Classification problem ** Explanatory variable (input) ** $ x = (x_1, x_2, ・・・, x_m) ^ T \ in ℝ ^ m $ ** Objective variable (output) ** $ y \in \{0, 1\}$
Logistic regression model

One of the machine learning models for solving classification problems
Supervised learning
Output linear combination of input and m-dimensional parameters to sigmoid function
The output will be the value of the probability that y = 1
** Teacher data ** $ {(x_i, y_i) ; i = 1, ... , n} $ ** Parameters ** (same number of dimensions as input variables) $ w = (w_1, w_2, ... , w_m)^T \in ℝ^m $ ** Linear combination ** (Inner product of unknown parameter w and input x) $\hat{y} = w^Tx + w_0 = \sum_{j = 1}^{m} w_jx_j + w_0 $

Sigmoid function

Input is real
Output is 0-1
As parameter a increases, the slope of the curve near x = 0 increases.
Changes in bias change the position of the step $ \sigma(x) = \frac{1}{1 + exp(-ax)}$
Properties of the sigmoid function

Easy differentiation
In model parameter estimation, it is necessary to find the points that minimize and maximize criteria such as MSE and likelihood → It is advantageous to be able to easily differentiate. $ \ frac {\ partial \ sigma (x)} {\ partial x} = \ frac {\ partial} {\ partial x} \ biggl (\ frac {1} {1 + exp (-ax)} \ biggr) \\ = (-1) ・ \ {1 + exp (-ax) \} ^ {-2} ・ exp (-ax) ・ (-a) \\ = \ frac {a ・ exp (-ax)} { \ {1 + exp (-ax) \} ^ 2} = \ frac {a} {1 + exp (-ax)} ・ \ frac {1 + exp (-ax) --1} {1 + exp (-ax) )} \\ = a \ sigma (x) (1-\ sigma (x)) $

Logistic regression formulation $ P(Y = 1|x) = \sigma(w_0 + w_1x_1 + ... + w_mx_m) $ $ (Probability that Y = 1 when the explanatory variable x is given) (Linear combination to data parameters) $
Bernoulli distribution

One of various distribution models such as normal distribution
Discrete probability distribution (probability p → 1, probability 1-p → 0)
Probability of $ y = y_1 $ in one trial $P(y)=p^y(1-p)^{1-y}$

Maximum likelihood estimation (what is the most likely P?)

Simultaneous probability
Each random variable is independent → Multiplication of probabilities

** Probability that $ y_1 $ ~ $ y_n $ ** will occur at the same time in n trials $ P (y_1, y_2, ..., y_n; p) = \ prod_ {i = 1} {n} p ^ {y_i} (1-p) ^ {1-y_i} $ ($ P, y_i) $ Is known)

Likelihood function

Likelihood = Probability of fetching a specific sample $ x_k $ from the target population $ \ mu $
Logarithm of probability = Likelihood function
Choosing a parameter that maximizes the likelihood function is called likelihood estimation. Likelihood function when data of $ y_1 $ ~ $ y_n $ is obtained $ P (y_1, y_2, ..., y_n; p) = \ prod_ {i = 1} {n} p ^ {y_i} (1-p) ^ {1-y_i} $ ($ P is unknown) , Y_i $ is known)

Log-likelihood function

Addition and subtraction are easier to calculate than repeating multiplication of complicated values
→ Take the logarithm and convert the multiplication to the addition
Likelihood function is maximized with the same coefficient w as before logarithmization (logarithmic function increases monotonically)
→ This optimal w is called the maximum likelihood estimator (local or global optimal solution)
Minimize the likelihood function multiplied by minus and combine it with the least squares minimization
→ Gradient descent method $E(w_0, w_1, ... , w_m) = -logL(w_0, w_1, ... , w_m) = \sum_{i=1}^{n}\{y_i log p_i + (1 - y_i) log(1 - p_i)\}$
Cross entropy (negative log-likelihood function)

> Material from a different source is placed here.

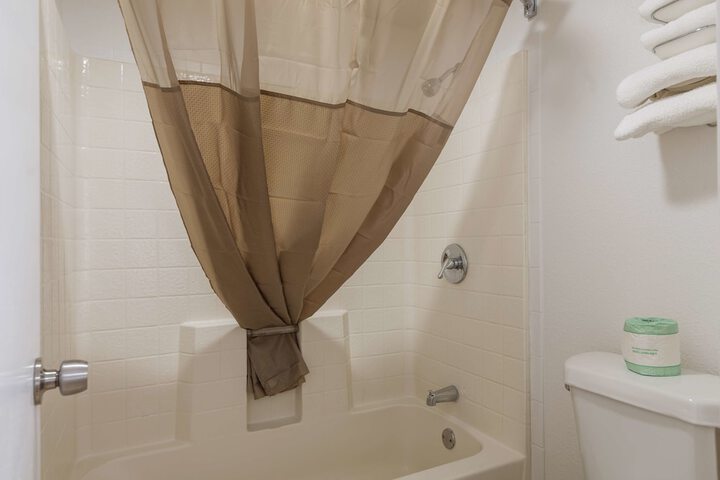 1 King Bed Refrigerator, Microwave (11 of 19)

Update the learning function with the wrong probability

Gradient descent

Approach to sequentially update parameters (by computer) by iterative learning
$ \ eta $ is a hyperparameter called learning rate that adjusts the ease of convergence of model parameters.
Derivatives for MSE parameters can be obtained analytically $w^{(k+1) = w^{(k)} + \eta \sum_{i=1}^{n}(y_i - p_i)x_i}$ In the gradient descent method, it is necessary to find the sum of all N data for parameter update.
→ There are problems such as insufficient memory and huge calculation time.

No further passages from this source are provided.